Hobbes discusses emotions that require another person as object, as well as
the nature of collective action, for example, here:
http://www.textop.org/wiki/index.php?title=The_nature_of_collective_action
The reason I pulled these topics out and grouped them together (which I did
very provisionally) was that it seemed to me the best accounts and
explanations of such "socially involved" matters would depend on more
general accounts of human beings in groups. Actually, Hobbes does have such
an account, but (remember, this is all still very rough...) I filed it much
further down the list, here:
http://www.textop.org/wiki/index.php?title=The_Outline#Social_groups_and_org
anizations
I'm very open to help in general thinking these matters through. Maybe I
*shouldn't* pull these topics out under a separate heading, as I have?
(b) Clea makes the excellent and perfectly correct point that the mind as a
topic does not really belong under "human being," simply because animals
have minds, or so many people think. But this does raise a difficulty.
Suppose I create a 'mind' category and file it provisionally, say, under
'life'. (When we get more chunks, we'll add more detail: the outline grows
around available chunks, not a priori.) What part of philosophy of mind
should go there, and what part under 'human being'? After all, in Hobbes as
in most philosophers, including contemporary philosophers, *most* (not all)
discussions of mind assume we are talking about human minds. Not
infrequently, a philosopher will switch easily from remarks that could
concern *any* minds, to remarks that could concern only *human* minds (as
far as we know). In the same way, Leibniz switched easily from the talk of
"simple souls" (monads) to human souls.
What do you recommend on this score?
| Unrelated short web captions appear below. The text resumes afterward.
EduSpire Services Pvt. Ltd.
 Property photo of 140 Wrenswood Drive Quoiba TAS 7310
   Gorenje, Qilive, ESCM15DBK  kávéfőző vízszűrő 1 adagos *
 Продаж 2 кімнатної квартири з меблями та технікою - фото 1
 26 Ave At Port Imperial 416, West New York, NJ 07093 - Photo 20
How should the material be divided up?
(c) Finally, there's the business about the "natural condition of mankind."
Should that continue to be a second-level heading, as I have it now? The
other option, I think, would be to scatter this material to other
categories. For instance, the chunk on this page
http://www.textop.org/wiki/index.php?title=Natural_faculties_of_human_beings
would belong under some "human mind" node, higher up. Hobbes' famous
remarks (and others' remarks on the same question) that human beings are
naturally equal would belong under some node that concerns the natural
variations among human beings. Finally, the "state of nature is a state of
war" business, and that the state of nature is a fiction, would belong, I
imagine, under "social groups and organization" as comments on *the lack of*
a certain kind of social group.
I'm inclined to do the latter, to spread the "natural condition" section to
the four winds, as described. What do you think?